No, Darrell, I really don’t want you to get involved he will go crazy if he even knew I talked to you. Oh yeah, so that’s how it is now with dude. Where yo kids at??? Darrell stay outta this please?? Are your kids at home with that dude??? No, but I still don’t want you to confront him either. You just said you have only been home for a year. You would be more at risk than Junior if you went over there. He’s not worth it, your lives. He ain’t worth yours either. Elisa I’m telling you don’t go home and make sure your kids ain’t there either. I got to go, Junior and them already on their way to your spot. I let him know what time it was already. Soon as I saw your face. I noticed your car from way across the street from the gas station pumping my gas and I could see your face. Don’t even try to stop us. Because now I know this been going on for a while. You don’t even know how to leave this dude. But I tell you what you don’t have to make that decision no more. Go get your kids and go to your momma house. We got this.

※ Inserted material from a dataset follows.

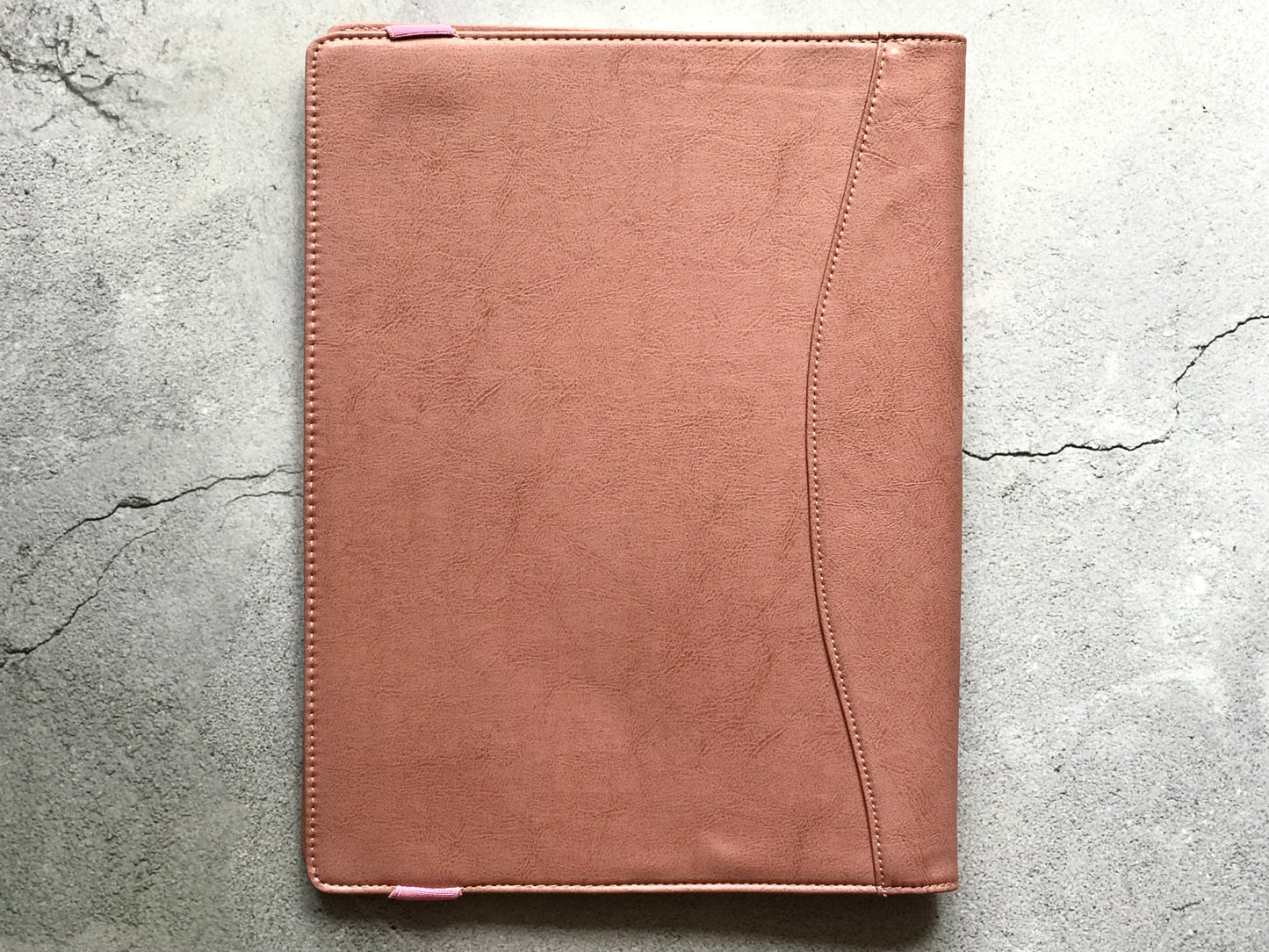 Pink Custom Leather Clipboard Portfolio, Notebook Holder, A4 File Folder, Business Notepad Folio Letter Size, Office Gifts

Elisa, I know I still got a way to go but thinking about you while I was locked up was the only dream that kept me alive and sane. Making me want to get up every morning and go to the library to get my GED, just so I could show you how committed I can be to making myself a better man for you. Dreaming about opening myself up to life again walking the straight and narrow, at least it was an opportunity that I could have you in my life even as friends just so you could be in my life in some capacity. Because that’s how much you mean to me.  I have been working two jobs trying to catch up and make a way for myself out of the game and off the streets like you told me that time when I last saw you before that incident. We ran into each other at the high school homecoming football game. Elisa that’s all I had was that dream of you. I knew that dude was going to make a play for you. He knew how much I cared for you way back then. I was so pissed when I found out you and him hooked up. I let it go for so long because I thought he was doing right by you and those kids. I was still in the game and I didn’t want to bring you down so I didn’t try to chase you down or anything but you know you too good for some dude to be putting his hands on you. I’m going to make sure he knows what it feels like and he knows not to ever come at you like this EVER again. That dream, my dream was that, “Someday I would be good enough to, Walk together hand and hand with you in the Beautiful Sun”! Something to cling to in hopes that they would let me go and I would do everything in my power to be the kind of man that someone like you could want in their life. I want get into any trouble over this dude trust me. But I am going to get you out of this situation today!!!